FPBench 2.0 standards

FPBench is a standard benchmark suite for the floating point community. The benchmark suite contains a common format for floating-point computation and metadata and a common set of accuracy measures:

FPBench Standard Measures

FPBench standardizes several measures of accuracy; tools that measure accuracy should state which of the FPBench accuracy measures they use, so that the community can more easily compare tools.

FPBench analyses floating-point accuracy along several axes: scaling vs non-scaling error, forward vs. backward error, and maximum vs. average error. Tools that measure error may use sound vs. statistical techniques, and tools that transform programs have several options for how to measure accuracy improvement.

Scaling vs. non-scaling error (\(\varepsilon\))

There are several ways to measure the error of producing the inaccurate value \(\hat x\) instead of the true value \(x\). Two common mathematical notions are the absolute and relative error:

\[ \varepsilon_{\text{abs}}(x, x') = \left|x - \hat x\right| \quad \text{and} \quad \varepsilon_{\text{rel}}(x, x') = \left|\frac{x - \hat x}{x}\right| \]

Relative error scales with the quantity being measured, and thus makes sense for measuring both large and small numbers, much like the floating-point format itself. A notion of error more closely tied to the floating-point format is the Units in the Last Place (ULPs) difference.

Some tools instead use the logarithm of the ULPs, which approximately describes the number of incorrect low-order bits in \(\hat x\).
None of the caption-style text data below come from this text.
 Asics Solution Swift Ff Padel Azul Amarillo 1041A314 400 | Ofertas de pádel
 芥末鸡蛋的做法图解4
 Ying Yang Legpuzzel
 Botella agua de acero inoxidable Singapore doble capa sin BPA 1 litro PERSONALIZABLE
These two measures are defined as:

\[ \varepsilon_{\text{ulps}}(x, x') = |\mathbb{F} \cap [\min(x, \hat x), \max(x, \hat x)]| \quad \text{and} \quad \varepsilon_{\text{bits}}(x, x') = \log_2 \varepsilon_{\text{ulps}}(x, x') \]

The floating-point numbers are distributed roughly exponentially, so this measure of error scales in a similar manner to relative error; however, it is better-behaved in the presence of denormal numbers and infinities.
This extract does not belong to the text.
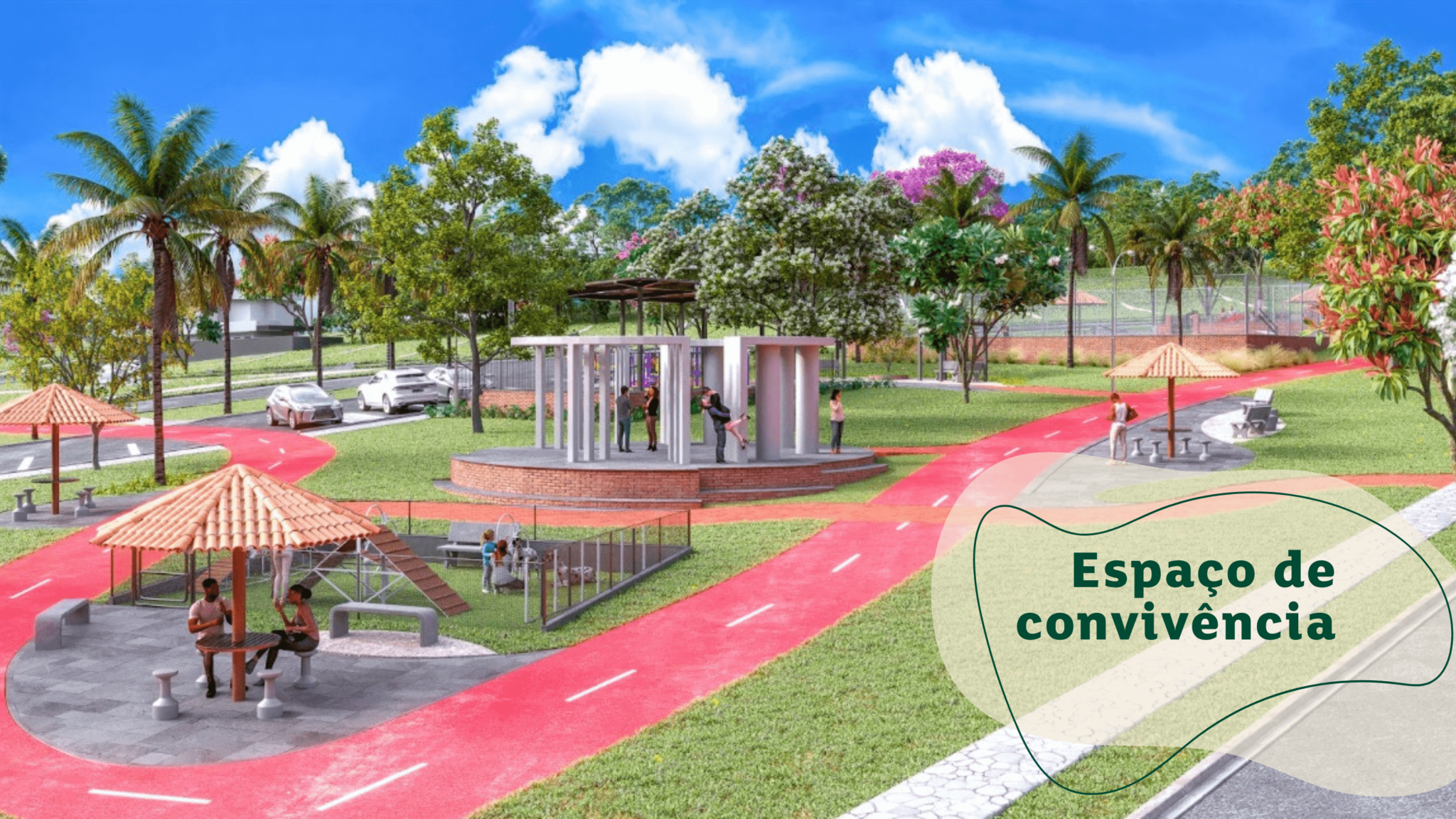 Bella Vita - Espaço de Convivência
Forward vs. backward error (\(\epsilon\))

Forward error and backward error are two common measures for the error of a mathematical computation. For a true function \(f\) and its approximation \(\hat f\), forward error measures the difference between outputs for a fixed input, while backward error measures the difference between inputs for a fixed output. Formally:

\[ \epsilon_{fwd}(f, \hat{f}, x) = \varepsilon(f(x), \hat{f}(x)) \] \[ \epsilon_{bwd}(f, \hat{f}, x) = \min \left\{ \varepsilon(x, x') : x' \in \mathbb{F}^n \land {\hat f}(x') = f(x) \right\} \]

Backward error is important for evaluating the stability of an algorithm, and in scientific applications where multiple sources of error (algorithmic error vs. sensor error) must be compared. Existing tools typically measure forward error because backward error can be tricky to compute for floating-point computations, where there may not be an input that produces the true output.
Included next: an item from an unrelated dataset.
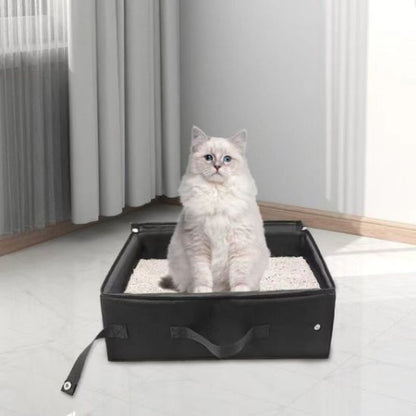 Bac pour litière chat - ETANCHEPOURCHAT™ - CHATS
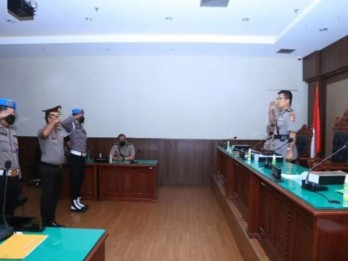 Tersandung Kasus Narkoba, Eks Kapolres Bandara Soekarno-Hatta Diberhentikan dengan Tidak Hormat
Average vs. maximum error (\(E\))

Describing the error of a floating-point computation means summarizing its behaviour across multiple inputs. Existing tools use either maximum or average error for this task. Formally:

\[ E_{\text{max}}(f, \hat{f}) = \max \left\{\epsilon(f, \hat{f}, x) : x \in \mathbb{F}^n\right\} \quad \text{and} \quad E_{\text{avg}}(f, \hat{f}) = \frac{1}{N} \sum_{x\in \mathbb{F}^n} \epsilon(f, \hat{f}, x) \]

Worst-case error tends to be easier to measure soundly, while average error tends to be easier to measure statistically.

Sound vs. statistical techniques

Running a floating-point program on all valid inputs is intractable. Existing tools either soundly overapproximate the error using static analysis, or approximate the error using statistical sampling.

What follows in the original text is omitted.